この動きが電気自動車(EV)大手のテスラ(NASDAQ:TSLA)に及ぼす影響について、ベンチャーキャピタル、ループ・ベンチャーズのジーン・ミュンスター氏が早速分析リポートを出した。
ミュンスター氏は「アップルが自動車を発表しても、テスラにとって根本的なリスクとなることはほとんどないと思う」という。現在、EVは自動車販売台数の3%を占めているにすぎず、今後5年間で30%に迫る程度だと同氏は予想している。
その5年間にテスラは世界のEV市場で3分の1程度のシェアを占め、残る3分の2のとり合いになるとみており、アップルの自動運転車が及ぼす影響は従来の自動車メーカーの方が大きいだろうという。

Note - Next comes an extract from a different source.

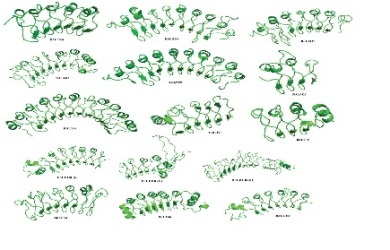 Proteins Containing Leucine Rich Repeats as Potential Targets for Plasmodium knowlesi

テスラの株価に対する影響としては、まず当面については、テスラに投資している投資家が新たなリスク要因を織り込むため、株価を圧迫する可能性があるという。この影響は数カ月で落ち着く公算が大きいとしている。一方、長期的にはアップルの話題が23年以降、テスラに対する投資判断にいくらかマイナスの影響を与えるだろうとみている。
一方、アップルが今後、どのように自動運転車の開発を進めるかについては、1)アップルブランドの乗用車製造、2)自動運転ソフトウエアを自動車メーカーにライセンス販売、3)テスラを買収する、の3つの可能性を挙げている。ただ、3)については、5年前ならば可能性があったが、両社がデザインに強いこだわりをもっているので、最強の組み合わせではあるが「夢物語」だとしている。
1)の「アップルカー」あるいは「iカー」の製造については、14年に立ち上げた「プロジェクト・タイタン」を19年に縮小しており、このチームが現在、ハードウエアよりもソフトウエアやAI(人工知能)の開発に重点を置いていることを指摘している。開発方針がまだ定まっていないのではとみている。
2)のソフトウエアのライセンス販売については、自動車そのものからアップル色が失われる点にアップルにとっての抵抗感があると指摘している。